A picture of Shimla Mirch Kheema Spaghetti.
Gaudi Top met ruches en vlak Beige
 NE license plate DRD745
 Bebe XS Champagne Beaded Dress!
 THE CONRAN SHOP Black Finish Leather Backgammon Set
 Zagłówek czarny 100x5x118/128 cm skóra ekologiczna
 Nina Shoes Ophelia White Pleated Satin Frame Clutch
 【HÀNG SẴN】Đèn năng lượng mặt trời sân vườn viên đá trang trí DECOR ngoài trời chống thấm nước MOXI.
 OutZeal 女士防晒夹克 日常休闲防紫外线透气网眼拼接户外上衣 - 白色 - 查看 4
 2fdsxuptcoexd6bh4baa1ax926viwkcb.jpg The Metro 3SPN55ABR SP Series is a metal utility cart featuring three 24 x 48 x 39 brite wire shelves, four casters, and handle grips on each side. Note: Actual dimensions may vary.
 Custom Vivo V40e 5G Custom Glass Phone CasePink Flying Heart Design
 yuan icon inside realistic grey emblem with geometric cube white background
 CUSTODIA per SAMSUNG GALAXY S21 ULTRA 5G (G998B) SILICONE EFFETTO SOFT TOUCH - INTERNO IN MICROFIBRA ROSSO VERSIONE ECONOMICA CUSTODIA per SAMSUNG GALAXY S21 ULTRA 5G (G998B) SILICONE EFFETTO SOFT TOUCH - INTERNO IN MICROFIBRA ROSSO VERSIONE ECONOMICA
------------
Prompt. Please quote exactly the lines from the one containing "Custom Vivo V40e" through the last line of the records above, both included, and nothing else.

Solution to the problem.
 Custom Vivo V40e 5G Custom Glass Phone CasePink Flying Heart Design
 yuan icon inside realistic grey emblem with geometric cube white background
 CUSTODIA per SAMSUNG GALAXY S21 ULTRA 5G (G998B) SILICONE EFFETTO SOFT TOUCH - INTERNO IN MICROFIBRA ROSSO VERSIONE ECONOMICA CUSTODIA per SAMSUNG GALAXY S21 ULTRA 5G (G998B) SILICONE EFFETTO SOFT TOUCH - INTERNO IN MICROFIBRA ROSSO VERSIONE ECONOMICA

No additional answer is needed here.